(Captioned web images)
- Opening Delimiter -

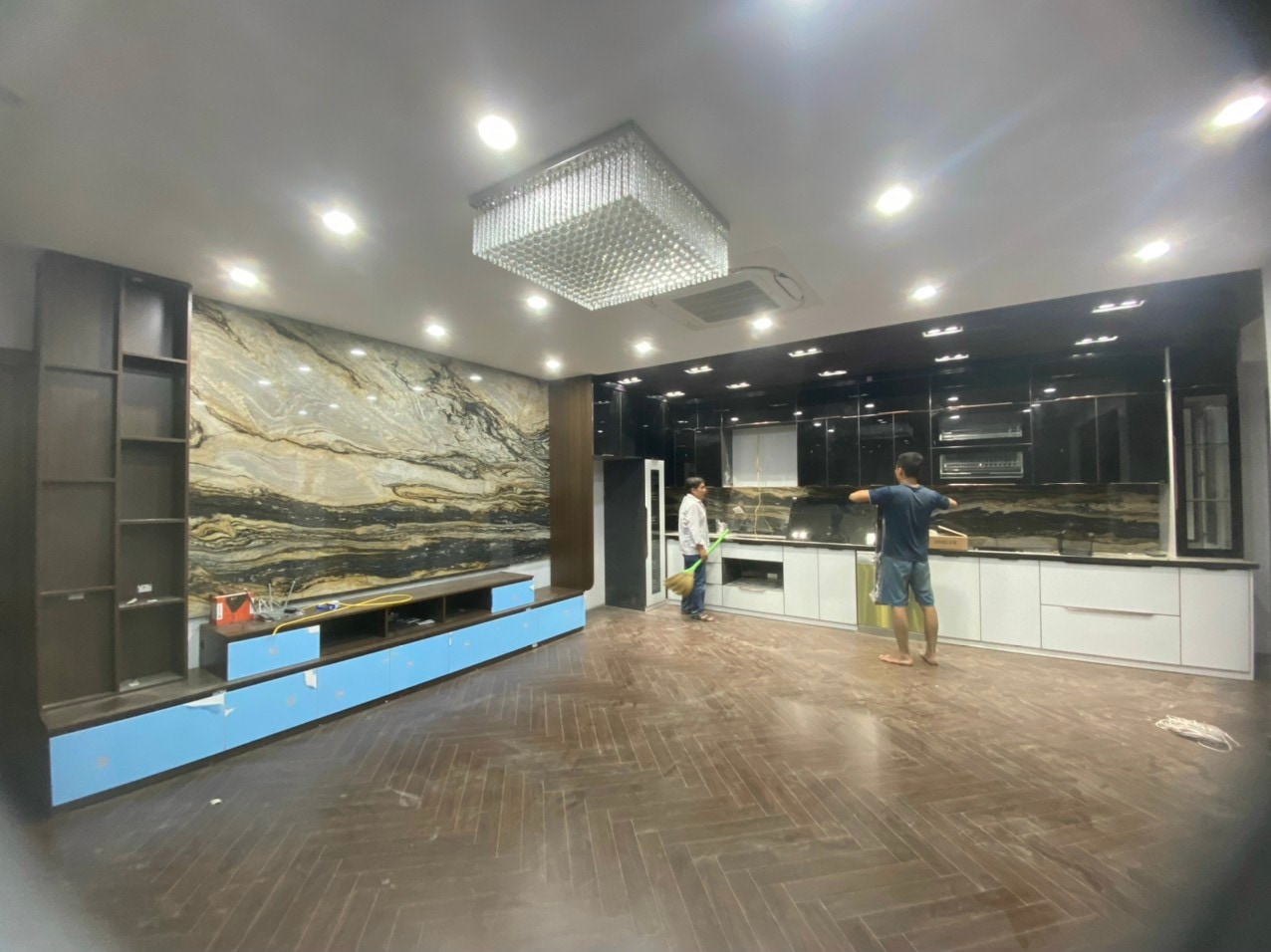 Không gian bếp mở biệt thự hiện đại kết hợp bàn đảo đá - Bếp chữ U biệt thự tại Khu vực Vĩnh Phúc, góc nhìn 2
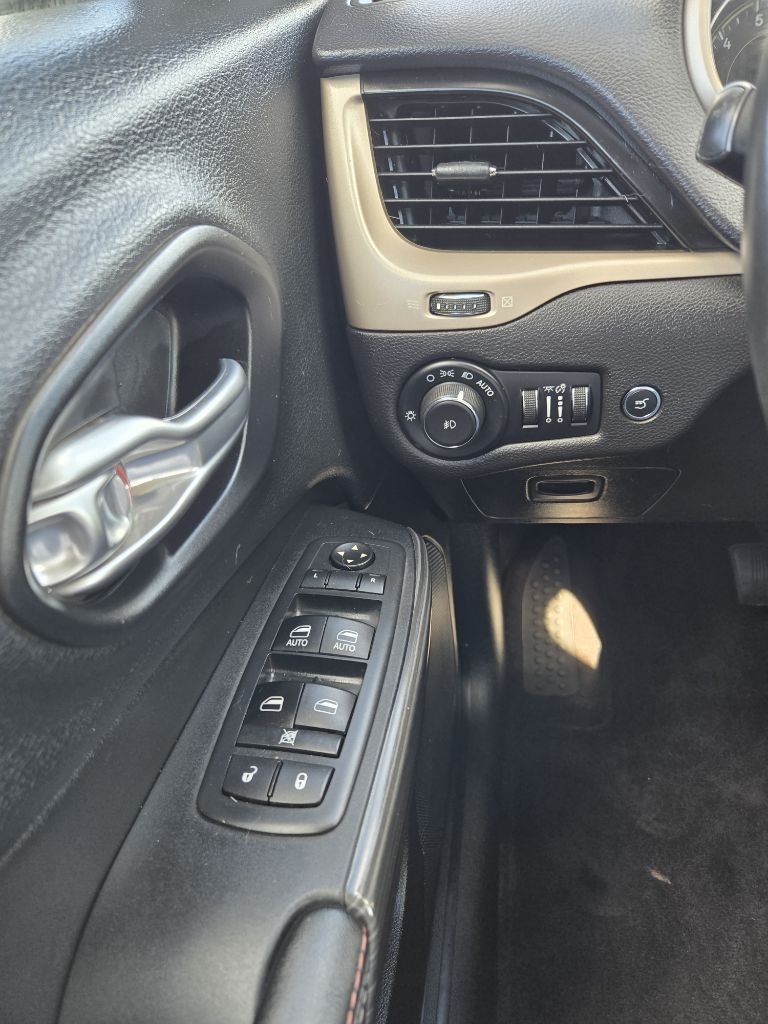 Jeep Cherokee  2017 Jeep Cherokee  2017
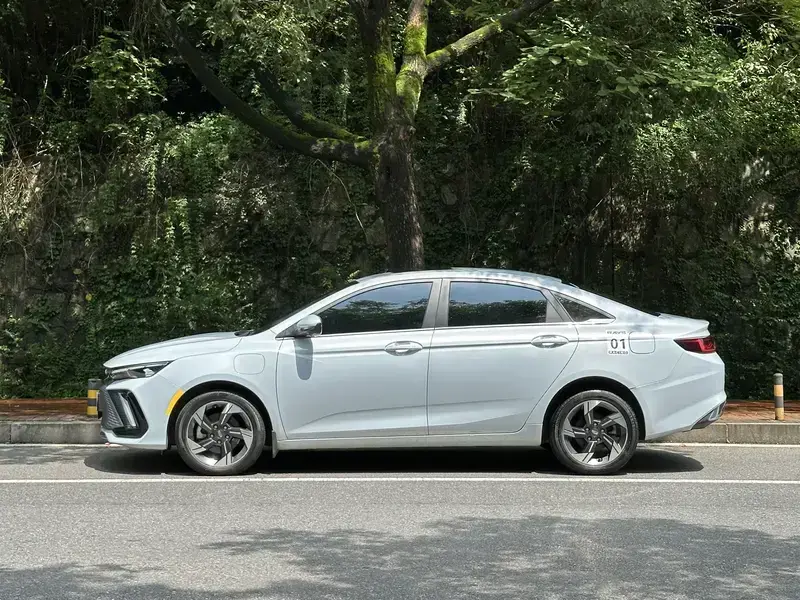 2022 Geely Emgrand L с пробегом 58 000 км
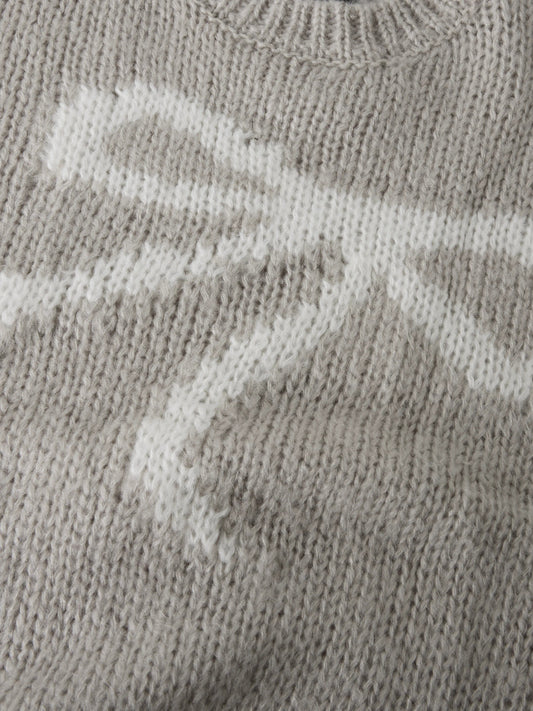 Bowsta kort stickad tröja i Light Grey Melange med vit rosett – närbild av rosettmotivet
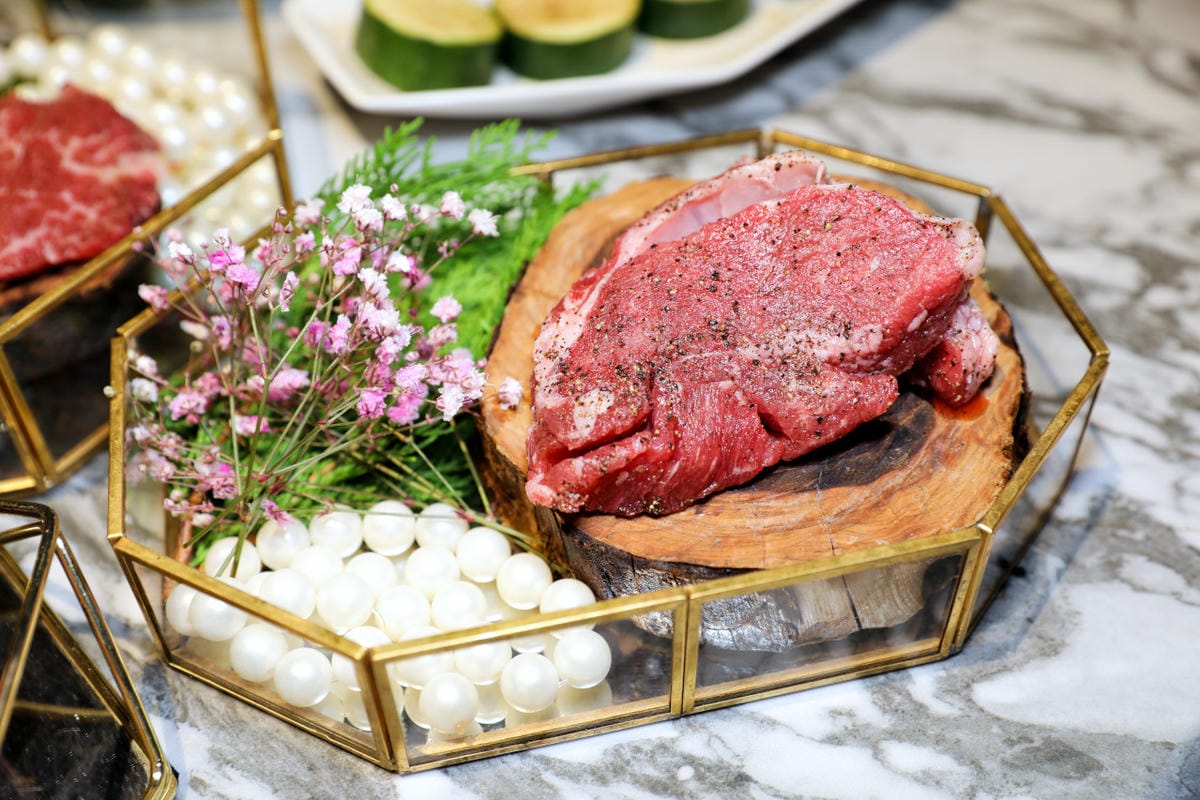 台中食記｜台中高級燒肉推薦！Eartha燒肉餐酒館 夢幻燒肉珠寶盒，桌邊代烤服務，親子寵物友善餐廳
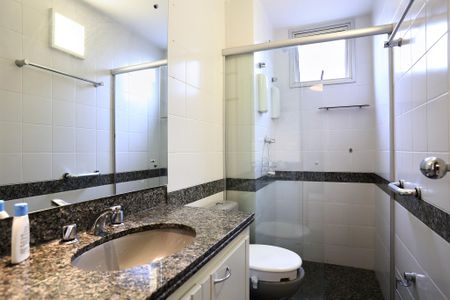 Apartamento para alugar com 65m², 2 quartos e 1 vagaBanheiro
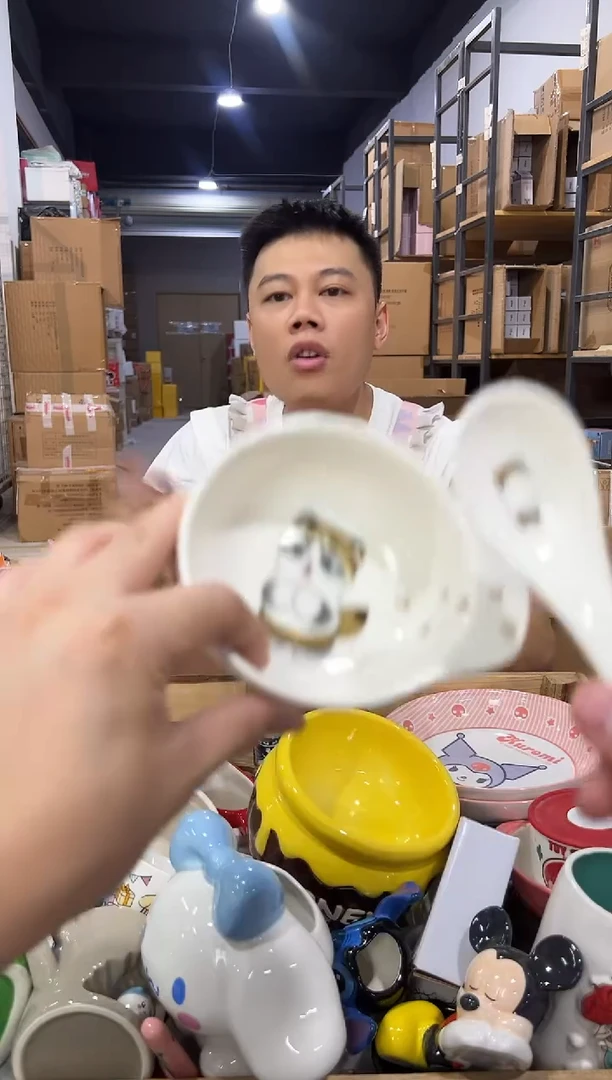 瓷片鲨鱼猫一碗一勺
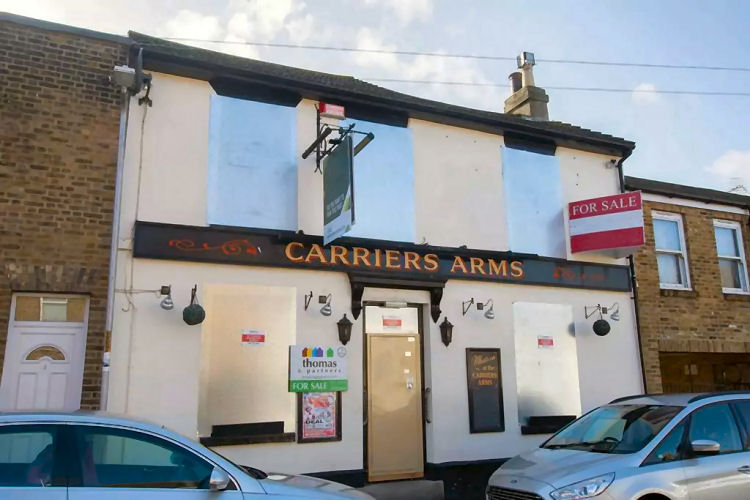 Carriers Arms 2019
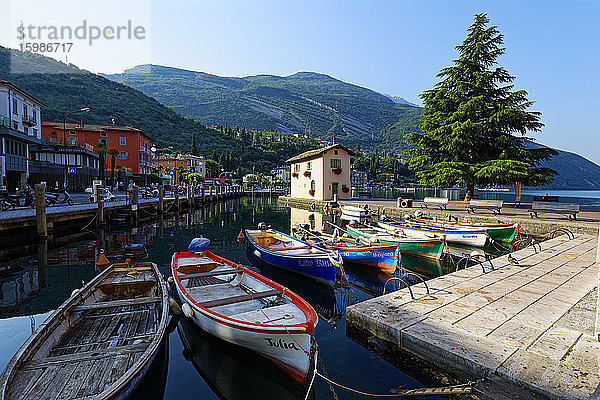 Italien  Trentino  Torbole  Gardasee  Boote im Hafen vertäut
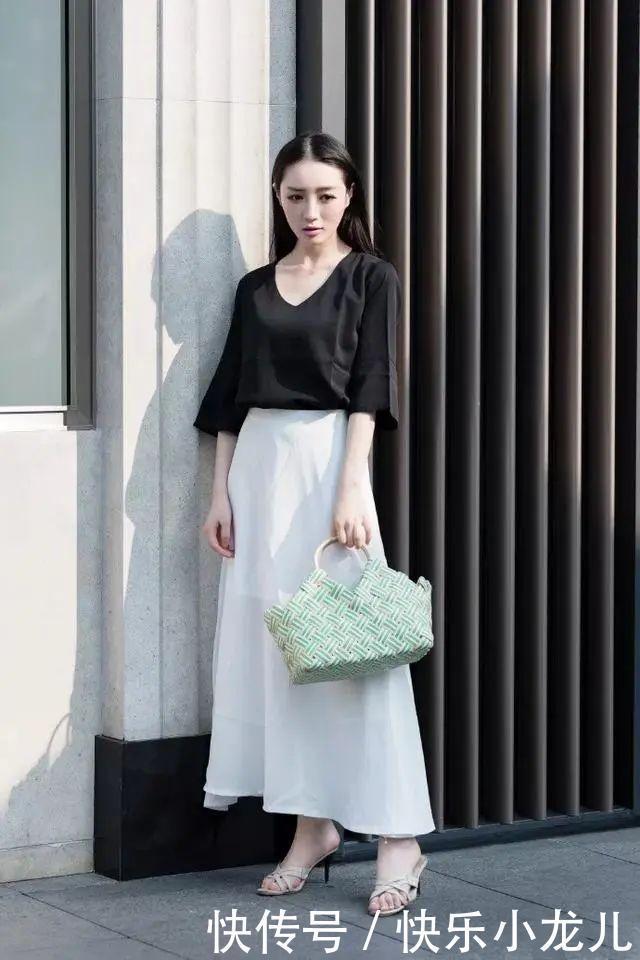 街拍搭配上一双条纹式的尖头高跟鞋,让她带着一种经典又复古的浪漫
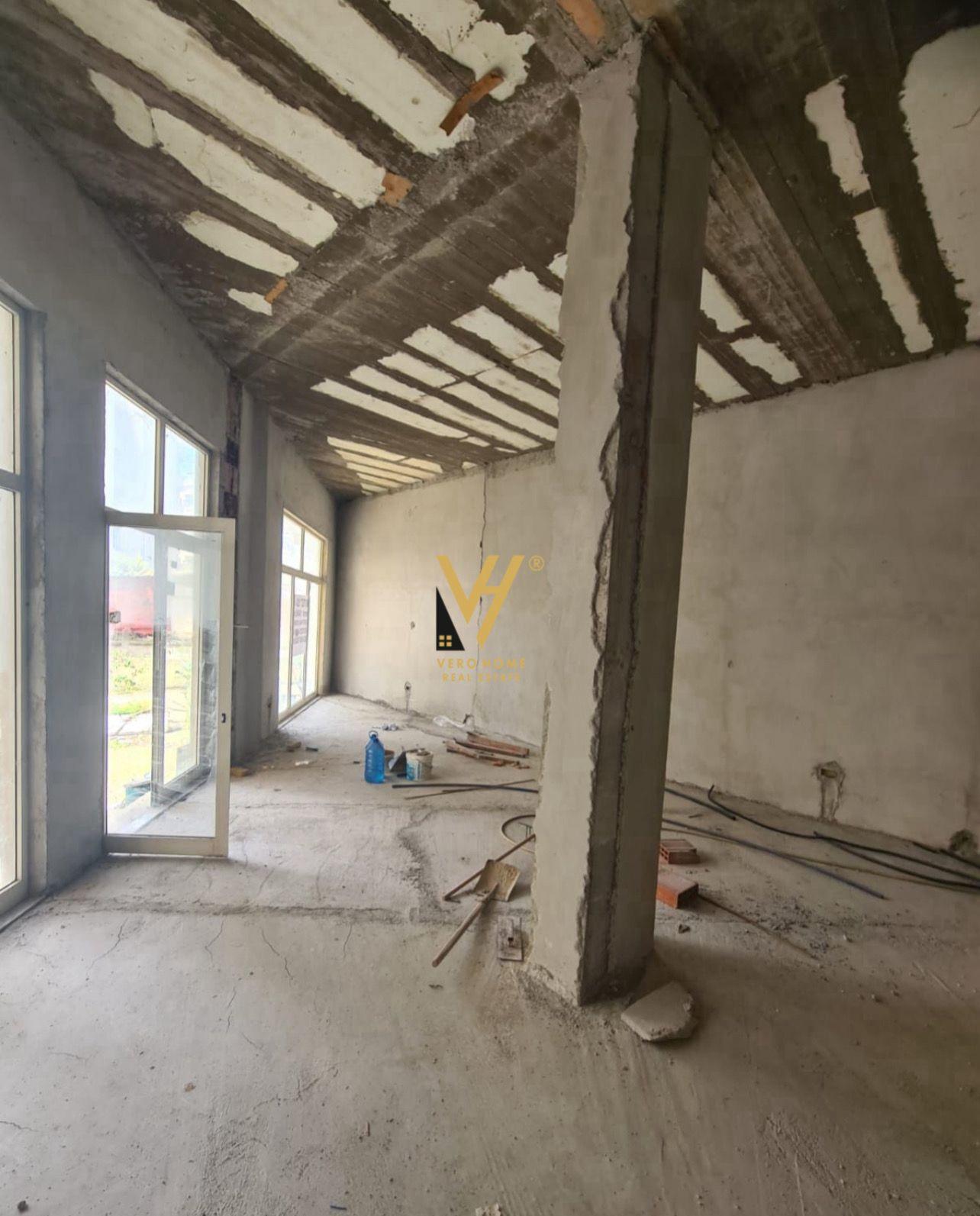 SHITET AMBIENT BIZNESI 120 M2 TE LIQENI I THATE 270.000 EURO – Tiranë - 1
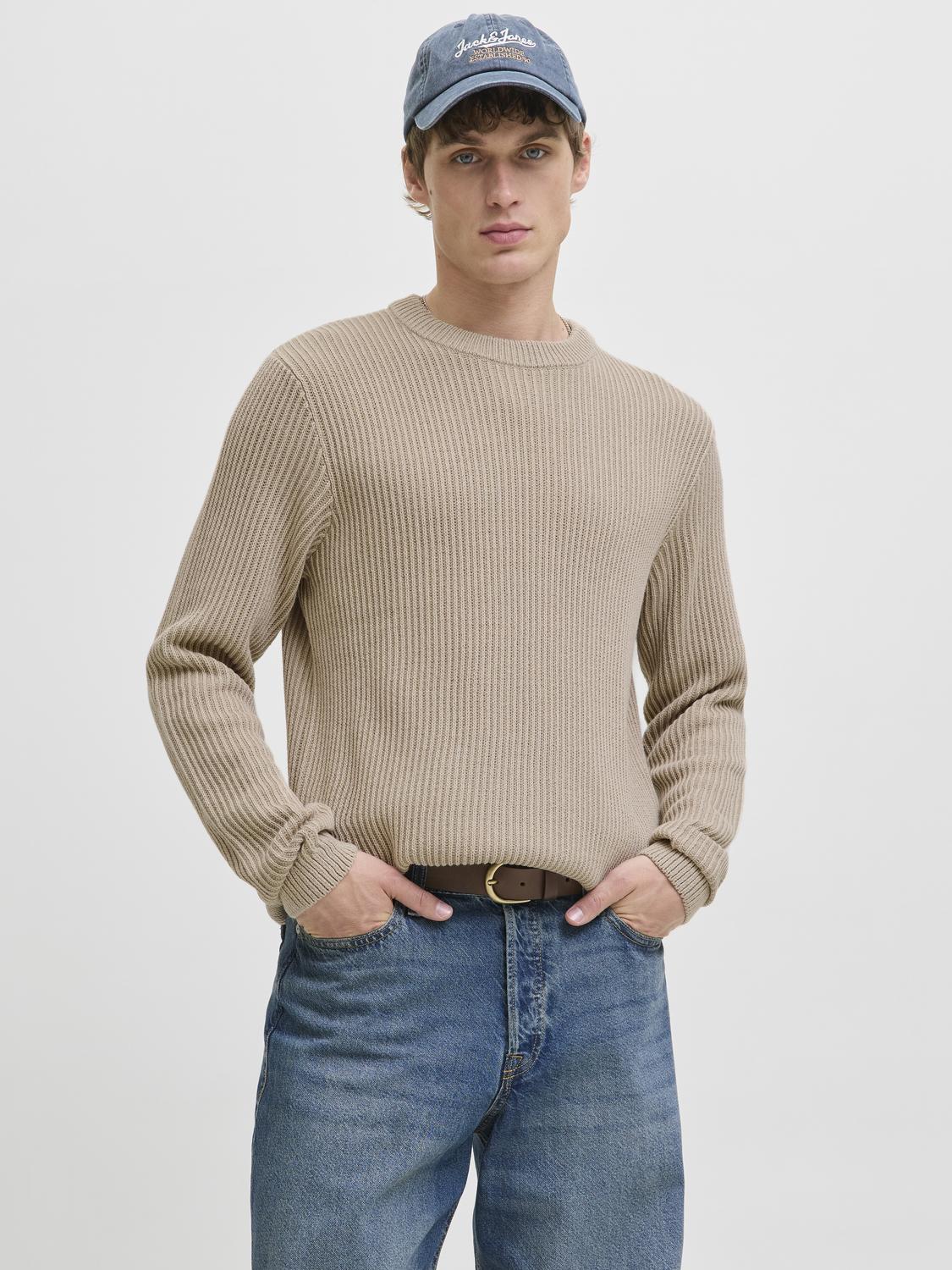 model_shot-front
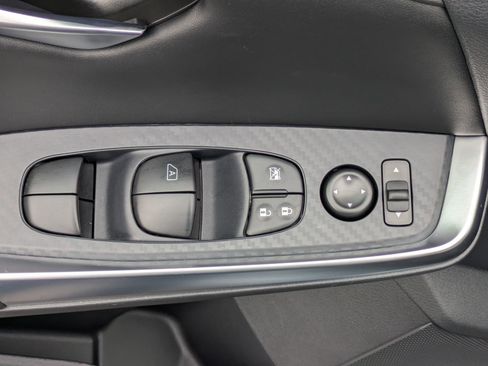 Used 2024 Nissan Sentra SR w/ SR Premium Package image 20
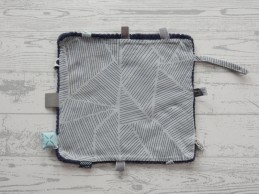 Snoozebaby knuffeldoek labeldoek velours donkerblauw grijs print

- Closing Delimiter -

## Exercise aim
All the records above must be retyped exactly, except for their pictures.

## Result for this exercise
 Không gian bếp mở biệt thự hiện đại kết hợp bàn đảo đá - Bếp chữ U biệt thự tại Khu vực Vĩnh Phúc, góc nhìn 2
 Jeep Cherokee  2017 Jeep Cherokee  2017
 2022 Geely Emgrand L с пробегом 58 000 км
 Bowsta kort stickad tröja i Light Grey Melange med vit rosett – närbild av rosettmotivet
 台中食記｜台中高級燒肉推薦！Eartha燒肉餐酒館 夢幻燒肉珠寶盒，桌邊代烤服務，親子寵物友善餐廳
 Apartamento para alugar com 65m², 2 quartos e 1 vagaBanheiro
 瓷片鲨鱼猫一碗一勺
 Carriers Arms 2019
 Italien  Trentino  Torbole  Gardasee  Boote im Hafen vertäut
 街拍搭配上一双条纹式的尖头高跟鞋,让她带着一种经典又复古的浪漫
 SHITET AMBIENT BIZNESI 120 M2 TE LIQENI I THATE 270.000 EURO – Tiranë - 1
 model_shot-front
 Used 2024 Nissan Sentra SR w/ SR Premium Package image 20
 Snoozebaby knuffeldoek labeldoek velours donkerblauw grijs print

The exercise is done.